A en faire rougir de honte les bourreaux de Guantánamo.
Le DVD de la semaine : « SIDEWALK STORIES »
de Charles Lane / CARLOTTA
Si l’on vous dit Spike Lee ou Steve McQueen (« 12 YEARS A SLAVE »), vous connaissez par coeur.
Si l’on vous dit Melvin Van Peebles (« SWEET SWEETBACK’S BAADASSSSS SONG »), peut-être un peu moins.
Et si l’on vous dit Charles Lane, alors là…
Heureusement, CARLOTTA vient à la rescousse en proposant un DVD du métrage le plus symptomatique de ce singulier metteur en scène.
Né en 1953 dans le Bronx, cet afro-américain n’eut de cesse d’oeuvrer dans un cinéma social et engagé, depuis ses premiers films en Super 8 étant gamin jusqu’à ses années universitaires.
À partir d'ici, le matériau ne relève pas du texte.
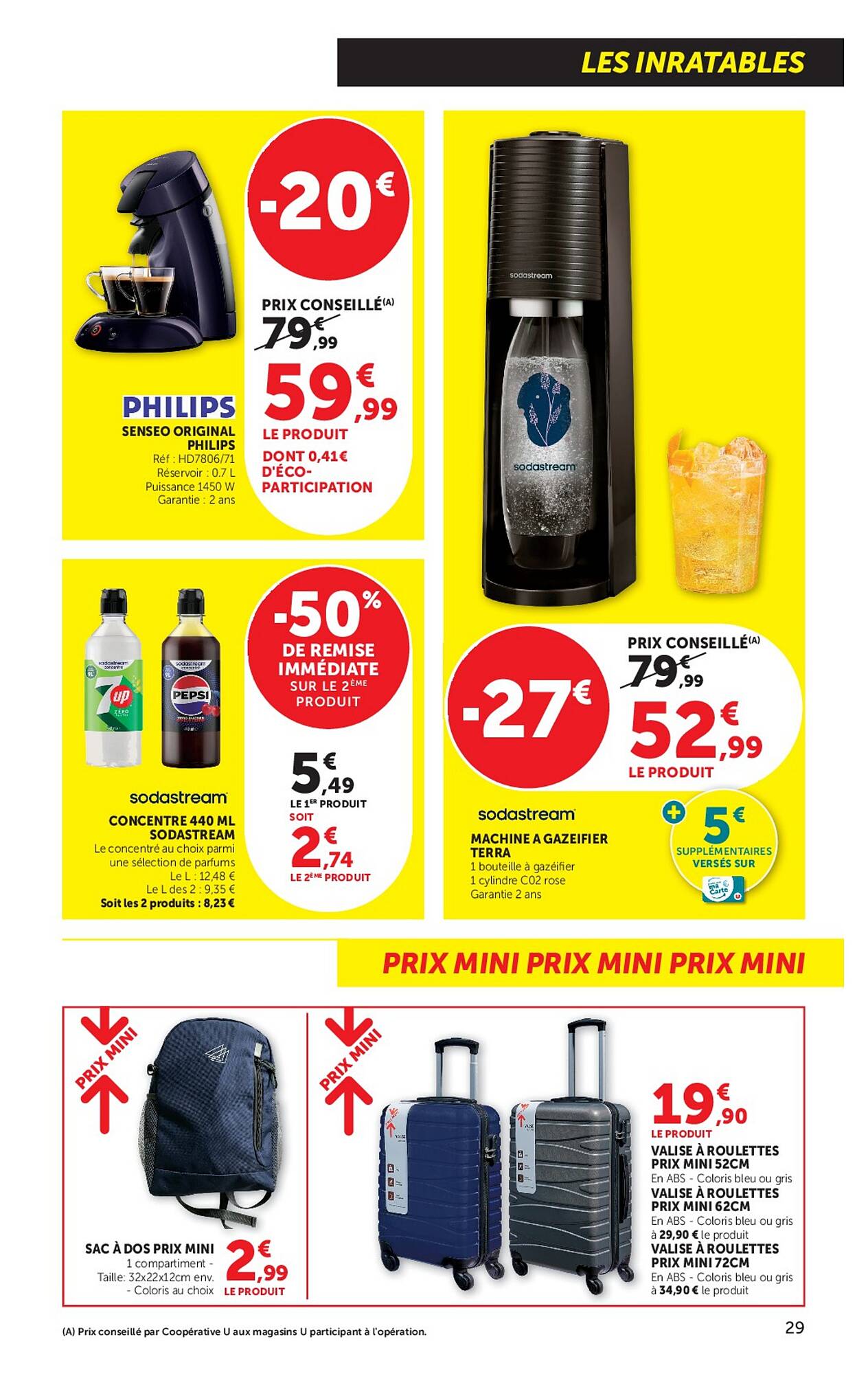 Super U Catalogue - Pagina 29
Influencé précocement par Hitchcock, il partage avec le maître du suspense un sens du découpage précis.
Datant de 1989, « SIDEWALK STORIES » est centré autour d’un artiste de rue dont on ne connaîtra jamais le nom, interprété par Lane lui-même, gagnant sa vie en dessinant des passants et résidant dans le sous-sol d’un immeuble délabré. Un soir, témoin du meurtre crapuleux d’un homme, il recueille sa petite fille, âgée de deux ans et décide de l’élever. Parallèlement, il rencontre une femme dont il tombe amoureux…
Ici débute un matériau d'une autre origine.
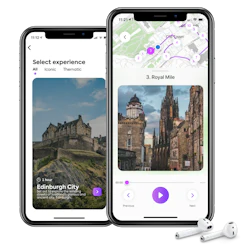 Edinburgh: City Audio Guide App for Your Smartphone 3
Se déroulant à New-York, terrain d’exploration fétiche du réalisateur, tourné en seulement quinze jours, traitant du problème des sans-abris, « SIDEWALK STORIES » est une merveille.
Dans un noir et blanc limpide (bravo pour l’excellent travail de restauration), ce docu-fiction évoque irrésistiblement le «KID» de Chaplin et plus largement tout le cinéma muet en adoptant sa rythmique si particulière.
Pourtant, Charles Lane déclare dans les bonus, très instructifs, que si l’on pense à Charlot, ce n’est pas sciemment voulu et que la principale source d’inspiration vient du troublant « TIGER BAY » (« LES YEUX DU TEMOIN ») du sous-estimé J. Lee Thompson, une tragédie autour d’une fillette de 12 ans assistant à l’assassinat d’une femme par son compagnon polonais.
Captant avec acuité l’atmosphère si extravagante des « eighties », techniquement abouti (admirez le déplacement de ces corps inconnus), en dépit de quelques maladresses, avec un boulot sur le son prenant sens dans les ultimes minutes, voici un témoignage unique et vibrant sur un problème plus que jamais d’actualité.